L’amore ai tempi dei lager: un romanzo epistolare
Come sopravvive e si alimenta il sentimento di due giovani divisi dalla follia del regime fascista. Un intenso carteggio per raccontare una storia d’amore senza tempo.
Una persona «che diventa eroe in modo normale, per coscienza civile, come un atto inevitabile». Basterebbero queste poche parole, tratte dalla prefazione di Vittorio Gregotti, per rendere in parte anacronistico, affascinante e commovente il personaggio di Gian Luigi (Giangio) Banfi, uno dei quattro fondatori del noto studio d’architettura Bbpr, antifascista, militante del Partito d’Azione, arrestato a Milano il 21 marzo 1944, morto a Mauthausen il 10 aprile dell’anno dopo, a soli 35 anni.

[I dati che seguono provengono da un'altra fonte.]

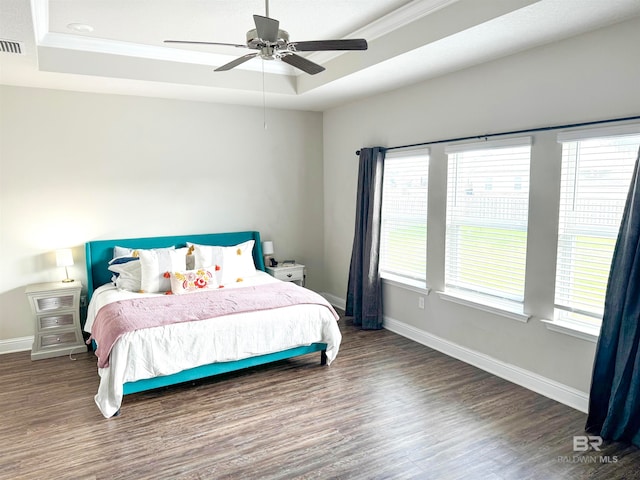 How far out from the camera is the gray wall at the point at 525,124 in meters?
3.00

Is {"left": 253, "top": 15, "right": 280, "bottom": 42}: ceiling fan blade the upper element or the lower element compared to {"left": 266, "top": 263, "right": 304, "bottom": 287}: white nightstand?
upper

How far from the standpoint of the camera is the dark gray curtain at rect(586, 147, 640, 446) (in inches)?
107

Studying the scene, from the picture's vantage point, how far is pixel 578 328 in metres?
3.22

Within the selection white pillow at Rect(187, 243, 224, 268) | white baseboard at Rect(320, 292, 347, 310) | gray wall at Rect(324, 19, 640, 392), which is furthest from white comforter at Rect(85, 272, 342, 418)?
white baseboard at Rect(320, 292, 347, 310)

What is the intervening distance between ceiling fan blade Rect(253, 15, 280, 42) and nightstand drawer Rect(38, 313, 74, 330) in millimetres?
3471

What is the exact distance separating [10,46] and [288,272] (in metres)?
3.48

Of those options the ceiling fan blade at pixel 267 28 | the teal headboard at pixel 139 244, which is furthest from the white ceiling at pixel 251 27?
the teal headboard at pixel 139 244

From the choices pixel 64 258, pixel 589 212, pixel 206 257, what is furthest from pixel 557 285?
pixel 64 258

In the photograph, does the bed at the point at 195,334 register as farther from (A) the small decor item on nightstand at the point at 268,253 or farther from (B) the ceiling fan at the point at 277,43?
(B) the ceiling fan at the point at 277,43

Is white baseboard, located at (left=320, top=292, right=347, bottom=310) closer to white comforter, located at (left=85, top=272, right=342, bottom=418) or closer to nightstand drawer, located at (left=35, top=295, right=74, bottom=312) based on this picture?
white comforter, located at (left=85, top=272, right=342, bottom=418)

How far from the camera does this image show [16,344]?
4.53m

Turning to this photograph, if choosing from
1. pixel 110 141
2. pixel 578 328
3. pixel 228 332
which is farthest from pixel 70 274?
pixel 578 328

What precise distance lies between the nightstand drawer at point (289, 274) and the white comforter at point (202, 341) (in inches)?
63.6

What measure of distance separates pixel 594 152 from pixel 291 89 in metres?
3.12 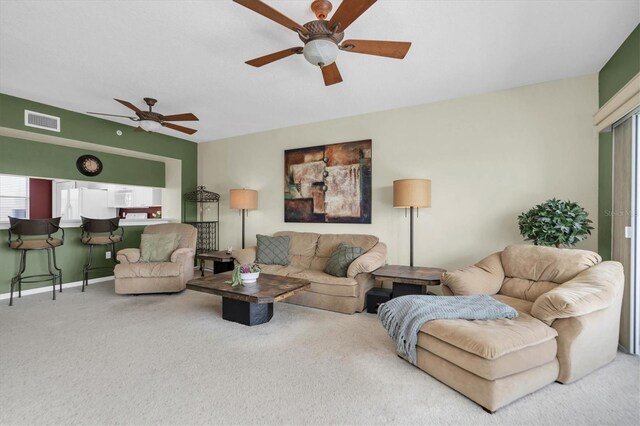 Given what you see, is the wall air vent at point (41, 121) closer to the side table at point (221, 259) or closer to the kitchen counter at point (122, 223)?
the kitchen counter at point (122, 223)

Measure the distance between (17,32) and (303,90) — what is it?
101 inches

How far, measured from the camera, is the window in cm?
593

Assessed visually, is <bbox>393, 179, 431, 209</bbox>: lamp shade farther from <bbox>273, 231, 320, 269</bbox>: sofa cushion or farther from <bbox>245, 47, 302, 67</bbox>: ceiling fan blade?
<bbox>245, 47, 302, 67</bbox>: ceiling fan blade

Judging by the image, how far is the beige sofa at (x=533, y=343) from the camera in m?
1.82

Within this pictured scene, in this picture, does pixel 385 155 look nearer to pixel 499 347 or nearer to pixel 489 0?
pixel 489 0

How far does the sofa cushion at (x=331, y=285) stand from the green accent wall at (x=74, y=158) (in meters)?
3.52

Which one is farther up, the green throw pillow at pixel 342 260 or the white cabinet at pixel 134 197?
the white cabinet at pixel 134 197

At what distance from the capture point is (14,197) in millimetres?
6004

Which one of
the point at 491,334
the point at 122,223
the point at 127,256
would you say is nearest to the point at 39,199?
the point at 122,223

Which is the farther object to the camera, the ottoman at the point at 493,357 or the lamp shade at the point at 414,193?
the lamp shade at the point at 414,193

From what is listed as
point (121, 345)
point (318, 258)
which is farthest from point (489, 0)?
point (121, 345)

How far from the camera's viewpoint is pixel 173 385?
6.75 feet

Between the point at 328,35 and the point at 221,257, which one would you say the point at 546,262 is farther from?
the point at 221,257

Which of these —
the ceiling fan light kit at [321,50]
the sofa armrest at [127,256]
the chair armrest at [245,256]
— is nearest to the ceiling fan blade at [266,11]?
the ceiling fan light kit at [321,50] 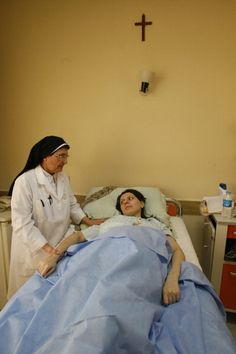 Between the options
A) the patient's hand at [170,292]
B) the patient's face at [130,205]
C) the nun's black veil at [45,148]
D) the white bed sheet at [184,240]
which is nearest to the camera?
Answer: the patient's hand at [170,292]

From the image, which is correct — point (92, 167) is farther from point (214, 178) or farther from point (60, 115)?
point (214, 178)

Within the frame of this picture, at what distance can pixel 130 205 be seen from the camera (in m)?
1.84

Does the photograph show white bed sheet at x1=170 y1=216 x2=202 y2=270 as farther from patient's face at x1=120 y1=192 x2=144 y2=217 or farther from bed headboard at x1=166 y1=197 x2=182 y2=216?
patient's face at x1=120 y1=192 x2=144 y2=217

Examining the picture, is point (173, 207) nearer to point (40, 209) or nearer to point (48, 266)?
point (40, 209)

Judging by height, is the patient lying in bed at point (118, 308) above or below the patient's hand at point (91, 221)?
above

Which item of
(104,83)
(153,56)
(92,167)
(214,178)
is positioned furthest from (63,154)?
(214,178)

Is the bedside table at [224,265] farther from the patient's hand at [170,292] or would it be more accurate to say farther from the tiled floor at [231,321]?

Oggi il figlio Giuliano pubblica le lettere che suo padre e sua madre Julia si scambiarono tra l’aprile e il luglio del 1944, mentre lui era internato nel campo di Fossoli, incerto sulla piega che avrebbe preso il proprio futuro. Quando seppe che l’avrebbero trasferito a Bolzano (da lì poi fu mandato in Germania), Banfi prese tutte le lettere che la moglie gli aveva mandato e gliele restituì ultilizzando lo stratagemma di cucirle nella fodera di un soprabito.

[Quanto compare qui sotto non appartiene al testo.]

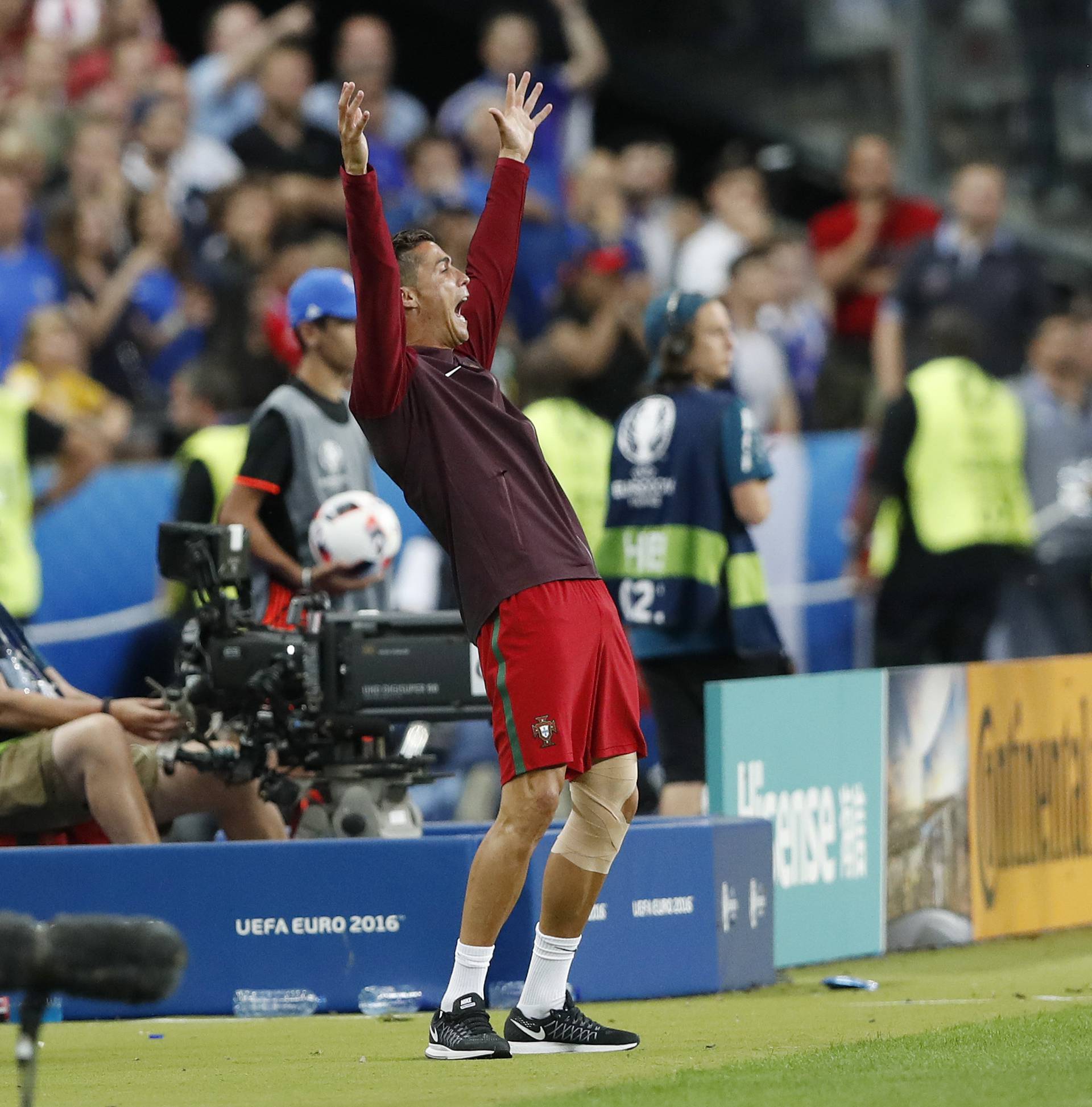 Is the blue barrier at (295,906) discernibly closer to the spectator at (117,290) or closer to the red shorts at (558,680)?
the red shorts at (558,680)

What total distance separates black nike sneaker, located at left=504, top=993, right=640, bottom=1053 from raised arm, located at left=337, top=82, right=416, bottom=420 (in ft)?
→ 5.09

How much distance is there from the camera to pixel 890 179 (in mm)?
14906

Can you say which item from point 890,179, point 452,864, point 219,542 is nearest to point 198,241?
point 890,179

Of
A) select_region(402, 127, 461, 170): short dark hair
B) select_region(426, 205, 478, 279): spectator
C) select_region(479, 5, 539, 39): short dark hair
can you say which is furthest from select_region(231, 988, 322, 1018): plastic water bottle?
select_region(479, 5, 539, 39): short dark hair

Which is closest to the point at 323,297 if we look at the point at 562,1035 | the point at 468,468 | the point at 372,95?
the point at 468,468

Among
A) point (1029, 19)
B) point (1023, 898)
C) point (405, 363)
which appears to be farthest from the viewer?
point (1029, 19)

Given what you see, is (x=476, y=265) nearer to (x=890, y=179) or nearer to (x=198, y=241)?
(x=198, y=241)

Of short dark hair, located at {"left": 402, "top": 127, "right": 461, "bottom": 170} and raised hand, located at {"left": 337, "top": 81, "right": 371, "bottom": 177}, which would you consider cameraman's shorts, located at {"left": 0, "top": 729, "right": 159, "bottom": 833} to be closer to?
raised hand, located at {"left": 337, "top": 81, "right": 371, "bottom": 177}

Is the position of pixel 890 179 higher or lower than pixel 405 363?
higher

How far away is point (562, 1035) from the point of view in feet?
18.6

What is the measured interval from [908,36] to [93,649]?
926 cm

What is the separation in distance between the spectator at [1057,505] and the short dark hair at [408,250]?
21.8ft

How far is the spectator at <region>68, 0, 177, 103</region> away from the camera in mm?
13508

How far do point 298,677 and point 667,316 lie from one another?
216cm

Il libro (Amore e speranza. Corrispondenza tra Julia e Giangio dal campo di Fossoli aprile-luglio 1944, Archinto, pp. 160) assume così la consistenza di un autentico romanzo epistolare (in circostanze simili, di solito si dispone di una sola voce). Dall’intenso carteggio viene fuori una storia d’amore che si alimenta della meravigliosa affinità fra i due. «La campagna qua attorno è così bella - scrive Julia il 3 maggio - stamattina con la nebbia sembrava uno scenario per una commedia italiana del ’500. Malgrado tutto, vedi, io sono sempre ugualmente desiderosa di apprezzare quello che di buono c’è anche in questa difficile vita…». La difficile vita, col passare dei giorni, si fa sempre più difficile. «Tu mi hai così capito - scrive Giangio un mese dopo - che non occorre ti scriva: sai già tutto, hai intuito tutto. Non leggere, non pensare, non scrivere, non lavorare, ecco la nostra condanna (degli internati nel campo, ndr). Il fisico è sano e continua normalmente a funzionare, ma lo spirito poco a poco si avvelena».

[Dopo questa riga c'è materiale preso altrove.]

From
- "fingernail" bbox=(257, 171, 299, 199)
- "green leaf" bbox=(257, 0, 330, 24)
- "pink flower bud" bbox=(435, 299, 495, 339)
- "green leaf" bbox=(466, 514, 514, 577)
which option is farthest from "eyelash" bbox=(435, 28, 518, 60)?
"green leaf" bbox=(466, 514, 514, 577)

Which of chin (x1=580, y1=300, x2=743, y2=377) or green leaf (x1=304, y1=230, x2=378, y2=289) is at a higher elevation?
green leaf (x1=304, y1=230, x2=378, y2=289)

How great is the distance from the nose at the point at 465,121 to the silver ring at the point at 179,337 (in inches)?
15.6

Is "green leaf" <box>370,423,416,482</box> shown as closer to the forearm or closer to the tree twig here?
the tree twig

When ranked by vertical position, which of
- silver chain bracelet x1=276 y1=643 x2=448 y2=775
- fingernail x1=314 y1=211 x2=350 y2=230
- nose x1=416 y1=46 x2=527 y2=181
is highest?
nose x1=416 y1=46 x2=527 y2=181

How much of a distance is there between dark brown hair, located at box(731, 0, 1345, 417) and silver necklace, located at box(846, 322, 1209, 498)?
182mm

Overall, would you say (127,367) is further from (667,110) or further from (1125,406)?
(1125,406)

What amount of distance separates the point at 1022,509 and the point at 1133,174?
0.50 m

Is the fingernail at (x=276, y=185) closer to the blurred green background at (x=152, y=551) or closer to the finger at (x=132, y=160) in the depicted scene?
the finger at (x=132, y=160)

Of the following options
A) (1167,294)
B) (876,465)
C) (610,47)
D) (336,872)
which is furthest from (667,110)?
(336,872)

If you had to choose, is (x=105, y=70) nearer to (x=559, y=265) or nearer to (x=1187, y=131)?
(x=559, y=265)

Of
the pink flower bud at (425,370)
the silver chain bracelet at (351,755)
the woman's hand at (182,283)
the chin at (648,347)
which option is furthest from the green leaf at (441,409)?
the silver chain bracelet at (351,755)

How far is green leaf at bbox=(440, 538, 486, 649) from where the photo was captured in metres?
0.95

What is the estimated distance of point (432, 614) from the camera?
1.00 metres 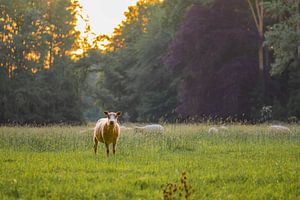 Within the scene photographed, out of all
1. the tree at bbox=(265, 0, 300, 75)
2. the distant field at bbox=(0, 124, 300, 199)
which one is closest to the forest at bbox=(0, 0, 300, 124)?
the tree at bbox=(265, 0, 300, 75)

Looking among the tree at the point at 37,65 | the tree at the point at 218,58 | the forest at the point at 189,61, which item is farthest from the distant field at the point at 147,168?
the tree at the point at 37,65

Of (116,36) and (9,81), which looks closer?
(9,81)

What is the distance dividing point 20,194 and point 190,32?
33.2m

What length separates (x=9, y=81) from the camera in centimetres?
4244

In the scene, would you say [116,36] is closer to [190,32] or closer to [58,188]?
[190,32]

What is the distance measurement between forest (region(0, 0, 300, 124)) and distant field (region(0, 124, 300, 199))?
16.5 metres

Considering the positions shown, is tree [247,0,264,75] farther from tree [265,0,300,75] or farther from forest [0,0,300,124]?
tree [265,0,300,75]

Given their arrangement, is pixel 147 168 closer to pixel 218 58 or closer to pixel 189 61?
→ pixel 218 58

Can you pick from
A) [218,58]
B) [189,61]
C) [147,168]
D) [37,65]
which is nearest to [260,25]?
[218,58]

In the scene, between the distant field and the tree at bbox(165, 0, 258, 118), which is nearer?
the distant field

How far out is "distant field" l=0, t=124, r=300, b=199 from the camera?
29.5 feet

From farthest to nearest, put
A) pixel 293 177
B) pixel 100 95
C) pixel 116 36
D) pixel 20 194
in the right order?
1. pixel 116 36
2. pixel 100 95
3. pixel 293 177
4. pixel 20 194

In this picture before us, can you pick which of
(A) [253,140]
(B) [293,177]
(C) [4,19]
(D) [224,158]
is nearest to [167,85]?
(C) [4,19]

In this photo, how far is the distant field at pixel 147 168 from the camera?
8977mm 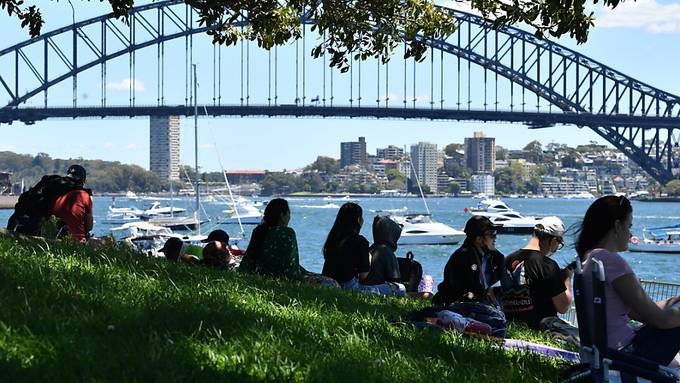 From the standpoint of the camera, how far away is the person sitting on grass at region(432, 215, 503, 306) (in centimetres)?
679

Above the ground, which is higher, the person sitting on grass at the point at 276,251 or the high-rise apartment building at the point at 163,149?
the high-rise apartment building at the point at 163,149

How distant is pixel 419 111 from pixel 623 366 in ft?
194

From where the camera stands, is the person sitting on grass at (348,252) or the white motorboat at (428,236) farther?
the white motorboat at (428,236)

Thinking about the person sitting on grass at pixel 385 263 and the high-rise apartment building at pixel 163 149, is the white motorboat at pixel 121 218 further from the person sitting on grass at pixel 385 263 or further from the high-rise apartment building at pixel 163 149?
the person sitting on grass at pixel 385 263

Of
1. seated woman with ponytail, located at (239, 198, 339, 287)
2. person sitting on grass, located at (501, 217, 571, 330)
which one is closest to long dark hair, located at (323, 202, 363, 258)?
seated woman with ponytail, located at (239, 198, 339, 287)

«In tutto il carteggio - annota il figlio Giuliano - pur nelle più grandi difficoltà e nei momenti più drammatici, non v’è traccia di recriminazioni o d’incertezze riguardo all’aver scelto la strada giusta…». Una strada «moralmente» giusta, che non scade nella retorica, che non si abbandona a vuoti ideologismi (è certo contro l’ideologia dei comunisti suoi compagni di prigionia questo commento duro in una lettera di Giangio datata 31 maggio: «… li considero degli amorali, innamorati della tecnica politica, disposti a sacrificare gli uomini a un uomo-tipo…»), una strada da percorrere perché necessaria. Questa necessità della rettitudine, tanto condivisa da non dover neppure essere detta, è il cuore del rapporto tra Julia e Giangio Banfi. E la ragione per cui varrabbe davvero la pena di rileggere le loro parole. Oggi.